== TASK BRIEF ==
Take the line with "Pécy (77) Mairie" and the rest of the lines after it, to the end of the entries, and restate them exactly.

== EXTRACTED INFORMATION ==
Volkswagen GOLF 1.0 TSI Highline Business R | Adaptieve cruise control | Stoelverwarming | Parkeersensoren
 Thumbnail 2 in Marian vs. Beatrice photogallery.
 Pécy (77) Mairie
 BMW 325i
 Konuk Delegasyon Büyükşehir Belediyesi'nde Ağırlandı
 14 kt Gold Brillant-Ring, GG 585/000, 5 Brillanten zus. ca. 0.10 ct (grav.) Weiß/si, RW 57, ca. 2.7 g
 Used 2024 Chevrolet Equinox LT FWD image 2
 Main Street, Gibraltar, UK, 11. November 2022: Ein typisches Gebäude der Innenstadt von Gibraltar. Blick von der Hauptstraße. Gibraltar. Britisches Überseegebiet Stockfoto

== SOLUTION ==
 Pécy (77) Mairie
 BMW 325i
 Konuk Delegasyon Büyükşehir Belediyesi'nde Ağırlandı
 14 kt Gold Brillant-Ring, GG 585/000, 5 Brillanten zus. ca. 0.10 ct (grav.) Weiß/si, RW 57, ca. 2.7 g
 Used 2024 Chevrolet Equinox LT FWD image 2
 Main Street, Gibraltar, UK, 11. November 2022: Ein typisches Gebäude der Innenstadt von Gibraltar. Blick von der Hauptstraße. Gibraltar. Britisches Überseegebiet Stockfoto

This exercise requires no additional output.